*REQUIRED ACTION*
Find the line that contains "Aseelo Sac à" in the entries below. Restate it and every line after it, word for word, with no pictures.

*MATERIAL SHOWN*
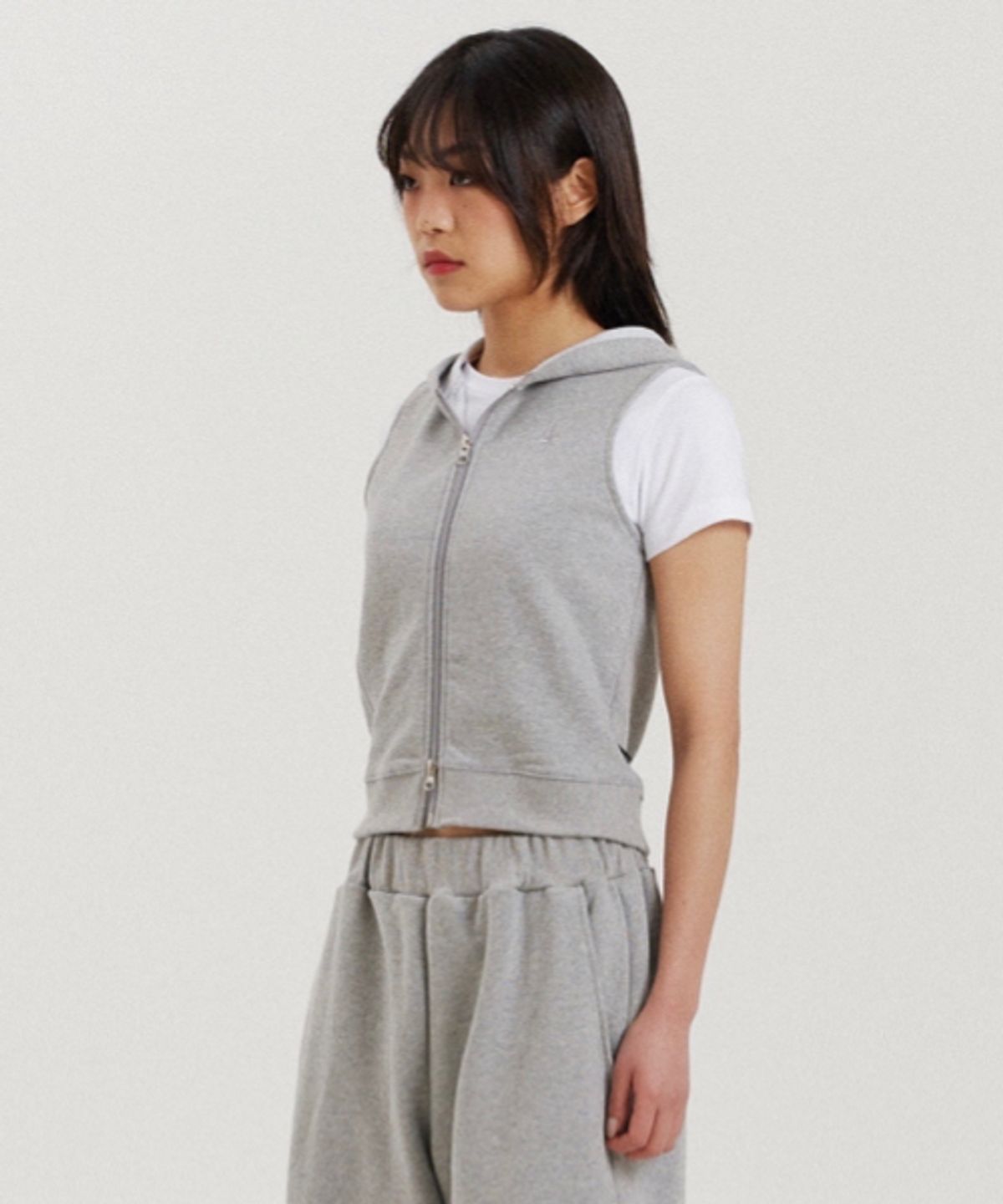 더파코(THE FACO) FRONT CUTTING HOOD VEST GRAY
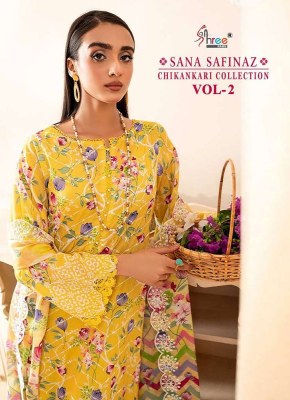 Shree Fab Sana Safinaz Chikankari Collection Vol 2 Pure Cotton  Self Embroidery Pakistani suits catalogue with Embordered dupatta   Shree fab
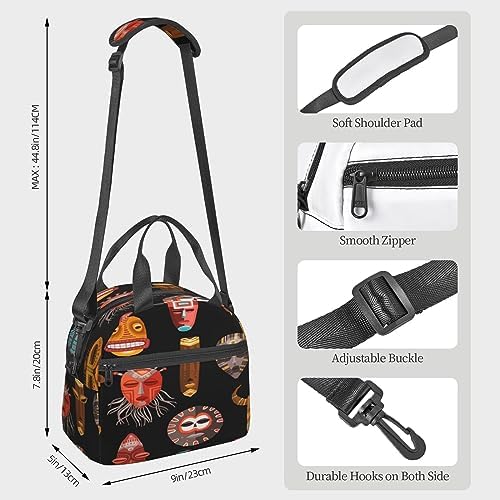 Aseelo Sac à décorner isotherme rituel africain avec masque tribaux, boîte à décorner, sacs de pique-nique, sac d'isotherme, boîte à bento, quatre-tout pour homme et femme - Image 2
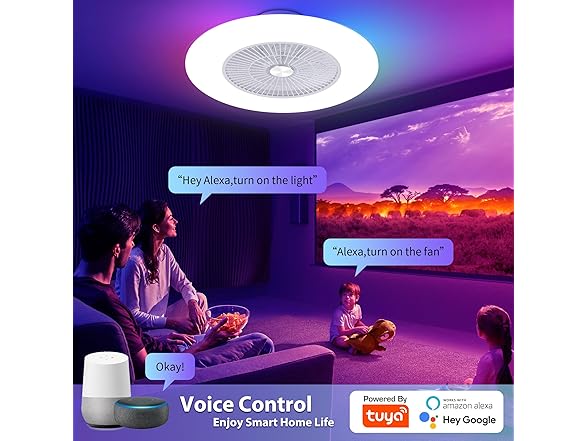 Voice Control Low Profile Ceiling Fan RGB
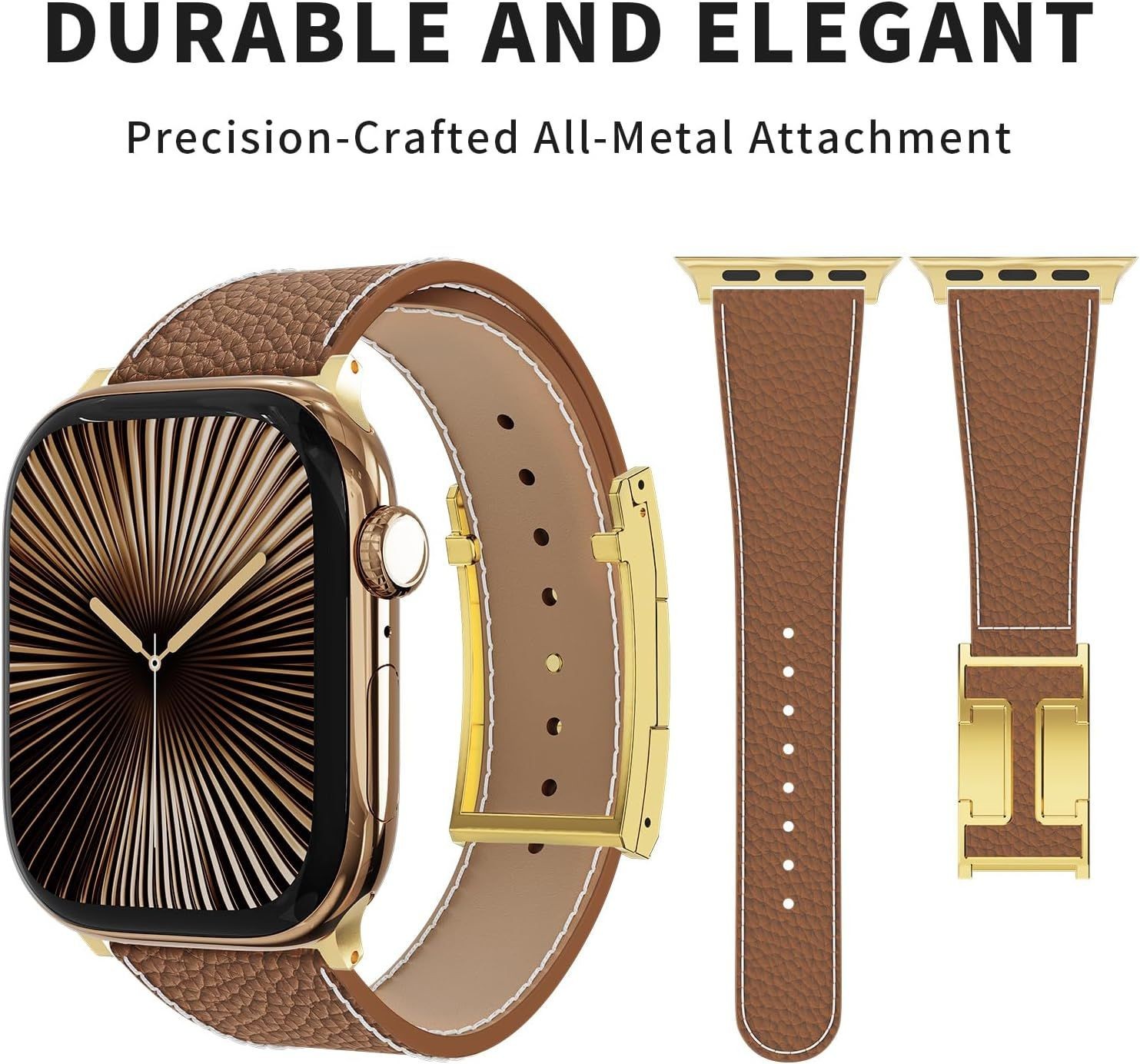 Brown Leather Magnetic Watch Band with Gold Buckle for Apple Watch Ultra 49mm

*COMPLETED EXERCISE*
 Aseelo Sac à décorner isotherme rituel africain avec masque tribaux, boîte à décorner, sacs de pique-nique, sac d'isotherme, boîte à bento, quatre-tout pour homme et femme - Image 2
 Voice Control Low Profile Ceiling Fan RGB
 Brown Leather Magnetic Watch Band with Gold Buckle for Apple Watch Ultra 49mm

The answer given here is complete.